Dennoch sieht Reinhard Schenker die Entwicklung positiv: „...so wie wir es auch die letzten zwei Wochen gemacht haben, wo die Leistungen wirklich sehr gut waren. Leider nicht von Erfolg gekrönt, aber ich sage immer zu meinen Jungs: Je besser die Leistung, je höher die Wahrscheinlichkeit auf Erfolg. Und dementsprechend werden wir das Spiel angehen.“
Die Suche nach dem fehlenden Punch vor dem Tor
Ein zentraler Faktor für den angestrebten Auswärtserfolg wird die Verwertung der Torchancen sein. Während im Hinspiel gegen Türkspor Neckarsulm vor 252 Zuschauern beim torlosen Unentschieden noch jegliche Offensiv-Highlights fehlten, erarbeitet sich Hollenbach mittlerweile eine Vielzahl an Gelegenheiten, belohnt sich jedoch zu selten.
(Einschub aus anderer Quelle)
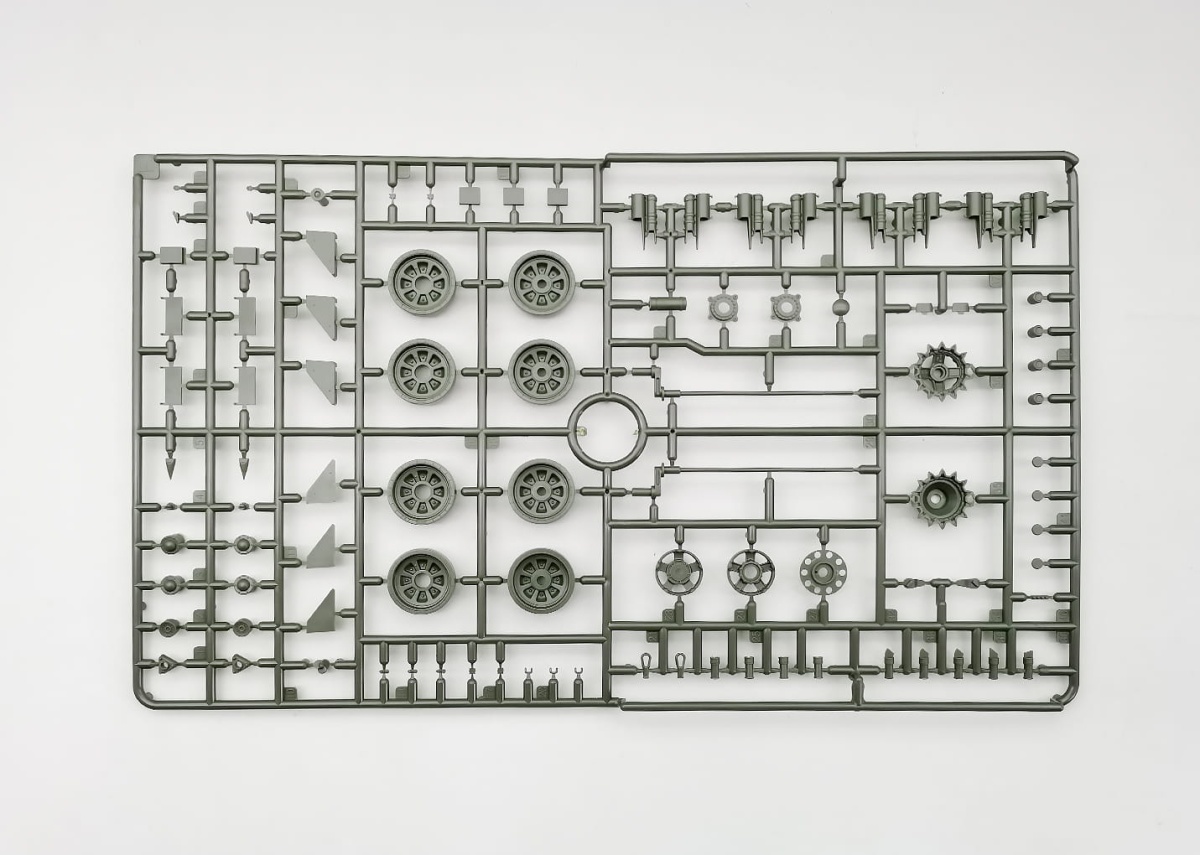 Zdjęcie dodatkowe produktu T-72AV z pełnym wnętrzem 1:35 Amusing Hobby 35A041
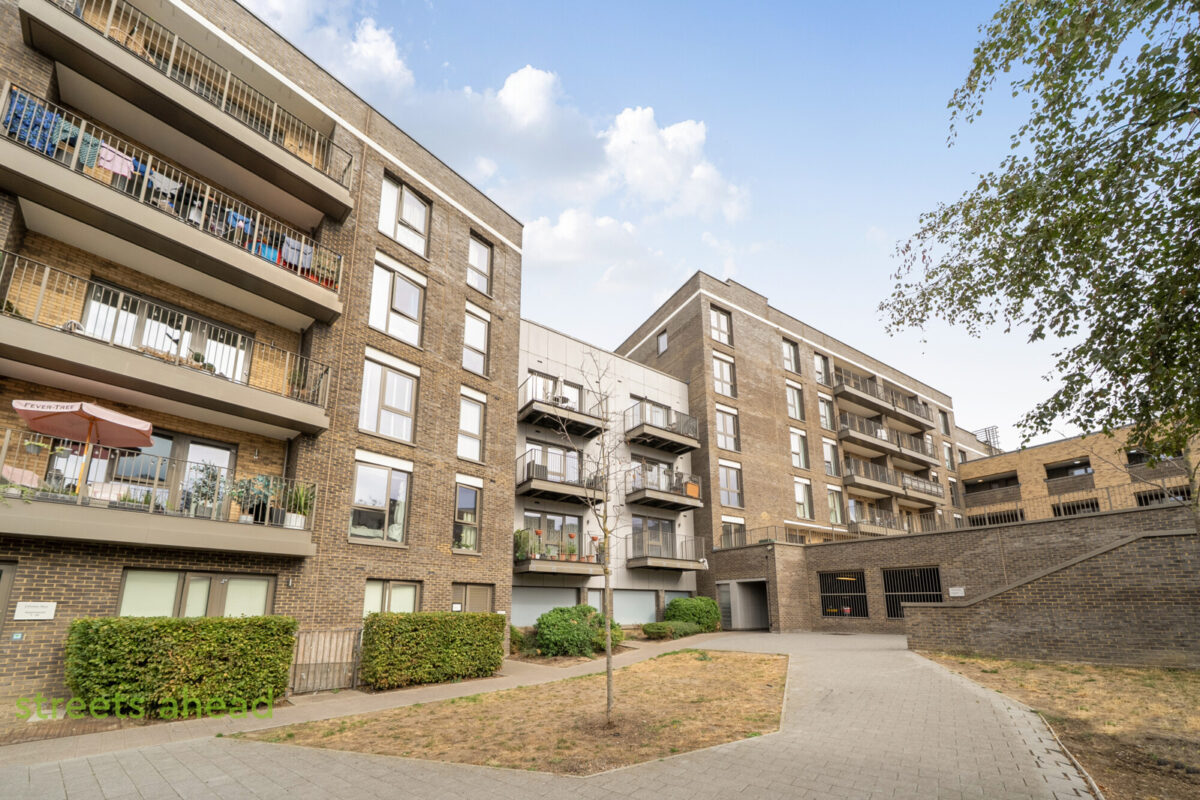 thosah_tho250298_img_04.jpg Purley Way, Croydon, CR0, photo 5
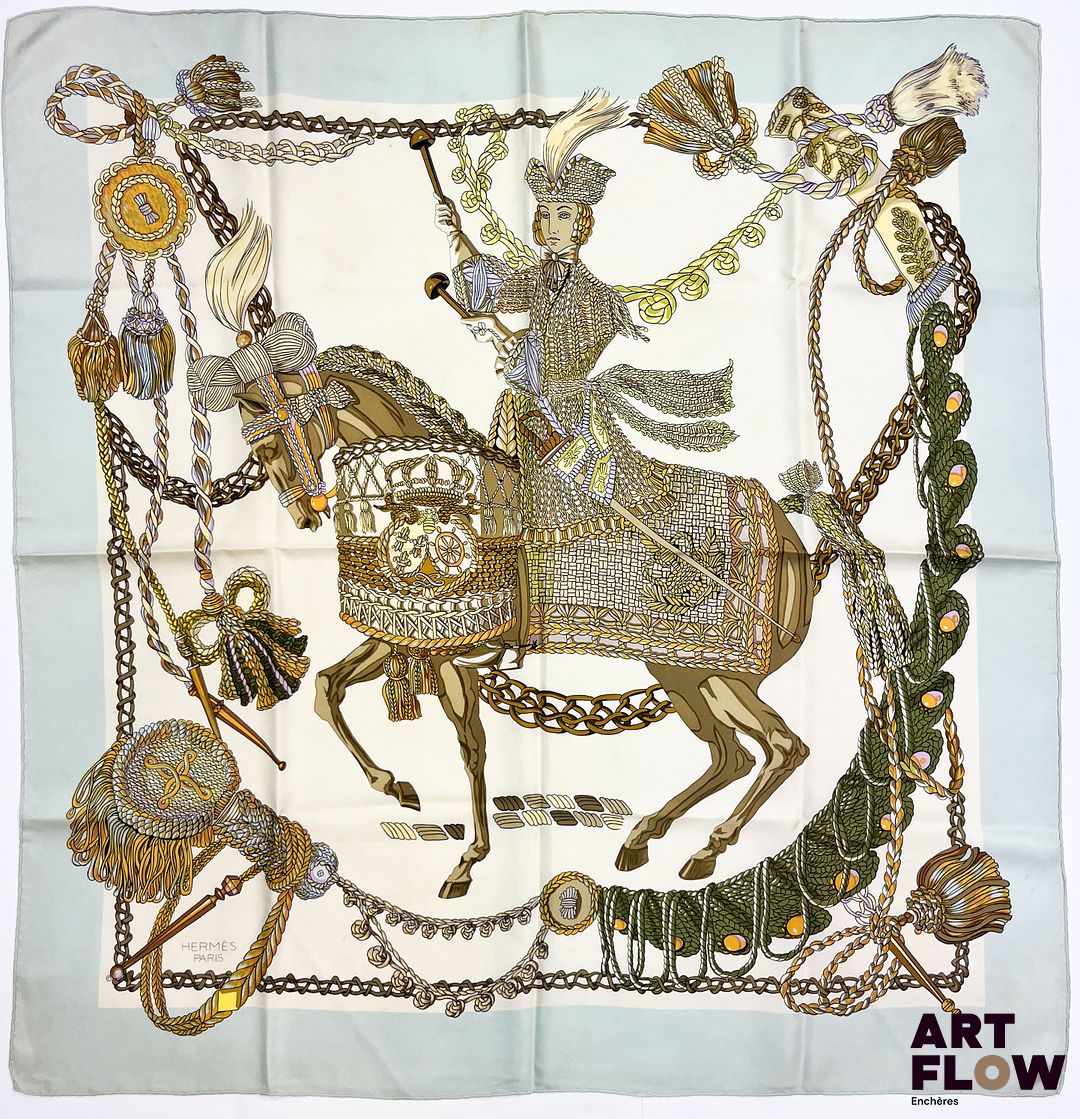 HERMÈS Modèle "Le Timbalier" Carré en twill de soie d'après Françoise HERON 90 x 90 cm Bon état général malgré tâches et décolorations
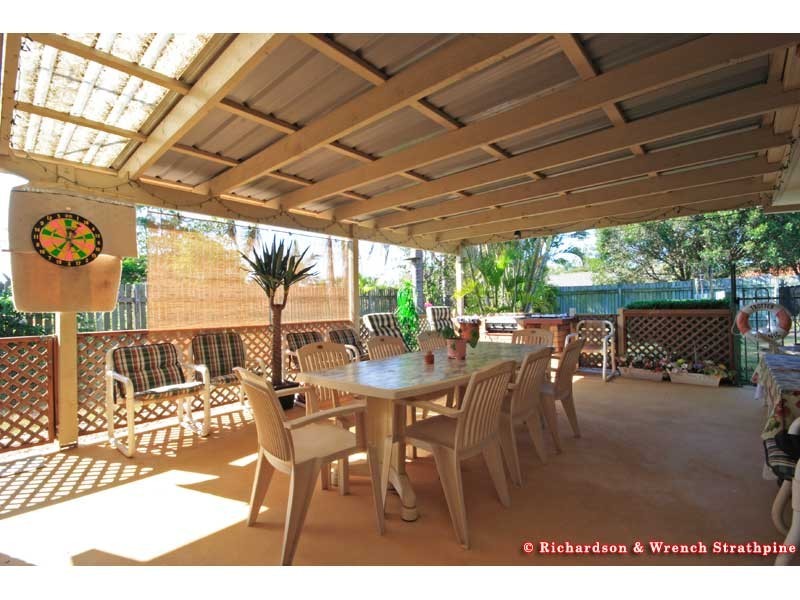 15 Pandanus Court, Kallangur QLD 4503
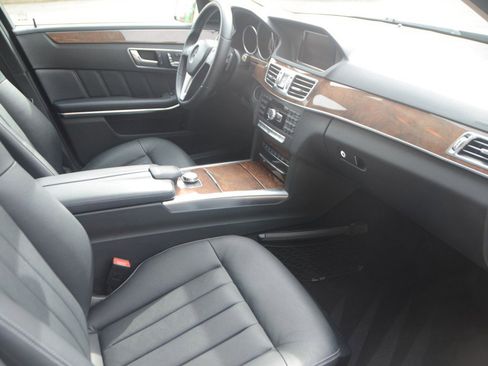 Used 2014 Mercedes-Benz E 350 4MATIC Wagon image 12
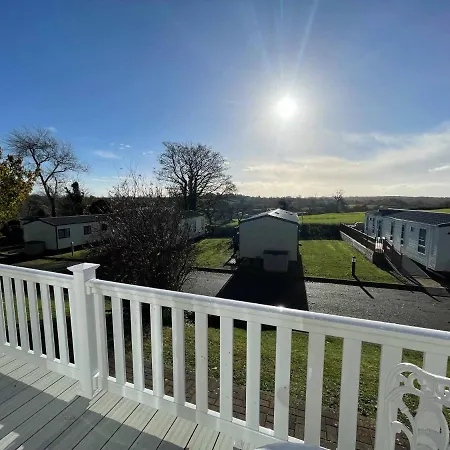 Stonewood Premium - 3 Bedroom Tenby Exterior photo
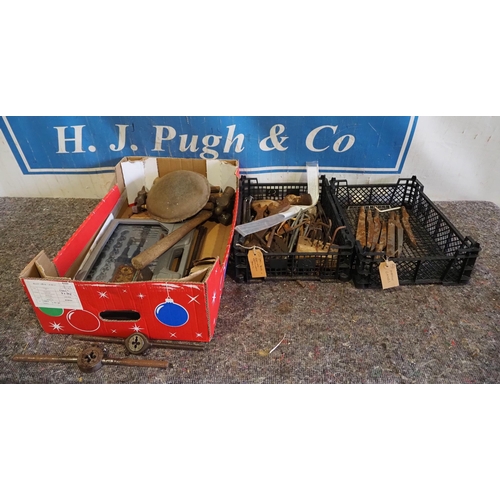 367 - Mortice chisels, tap and die sets, etc.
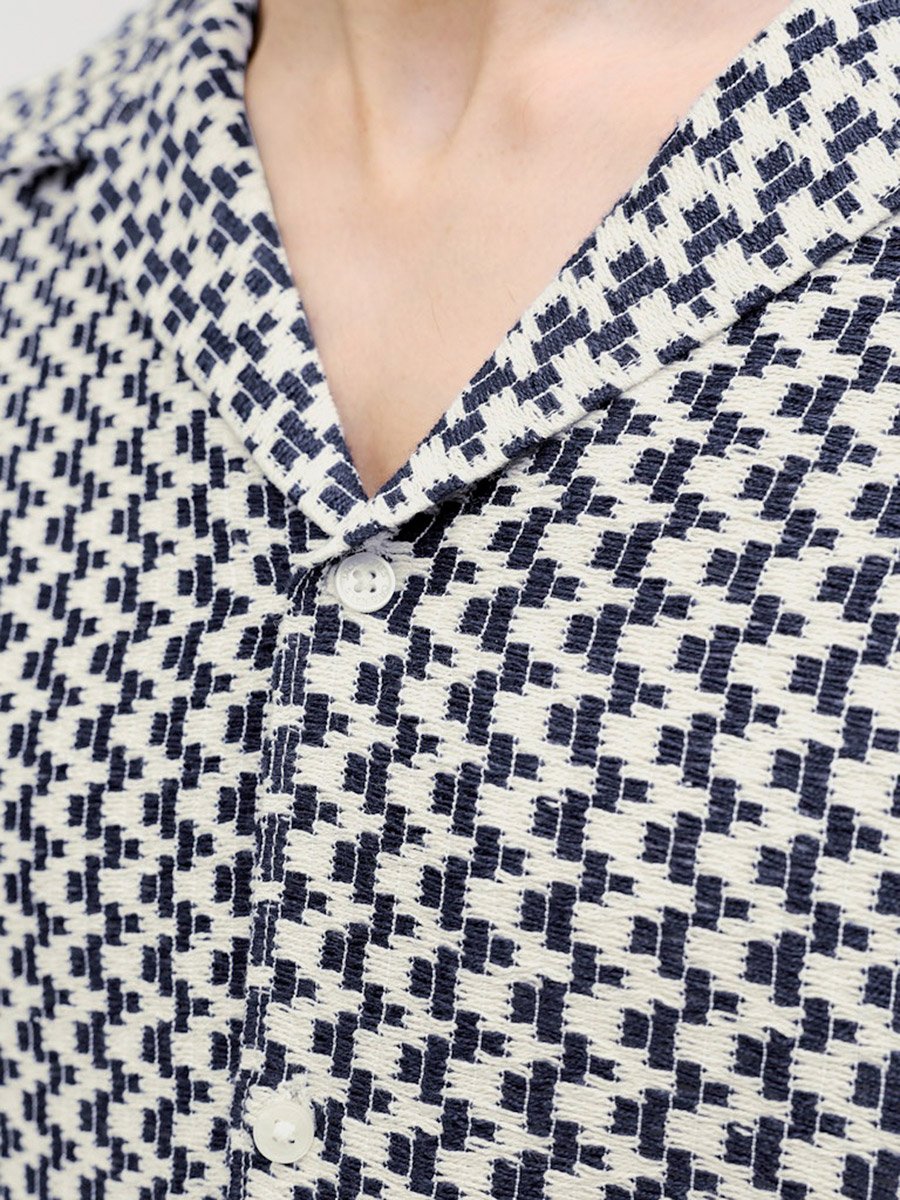 Men Navy Blue Textured Resort Collar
Reinhard Schenker fordert daher mehr Kaltschnäuzigkeit im gegnerischen Strafraum: „Wir werden versuchen, natürlich unsere zahlreichen Chancen der letzten Spiele dann hoffentlich effektiver zu nutzen. Denn am Schluss kann man nur gewinnen, wenn man Tore schießt. Das wissen die Jungs, ich mache ihnen da aber keinen Vorwurf, weil die Anzahl der Torchancen, die wir uns rausgespielt haben in den letzten Spielen wirklich gut war. Jetzt fehlt noch der letzte Punch.“
Mit einer guten Basis in das finale Heimspiel
Das Ziel ist es, mit einem Dreier die Konkurrenz in Schach zu halten und den Klassenerhalt aus eigener Kraft zu sichern. Der Blick auf die Tabelle zeigt, wie dicht das Feld im Keller besiedelt ist: Hinter Hollenbach lauert der FSV 08 Bietigheim-Bissingen (30 Punkte), während davor Vereine wie der 1. Göppinger SV, der Türkischer SV Singen (34 Punkte), der 1. FC Normannia Gmünd (35 Punkte) sowie die TSG Backnang (39 Punkte) um den Verbleib in der Liga kämpfen. Hollenbach will in Neckarsulm die Weichen stellen: „Das wollen wir am Wochenende hinbekommen und dann mit einem guten Gefühl und mit einer guten Position ins letzte Heimspiel gehen“, so Reinhard Schenker abschließend.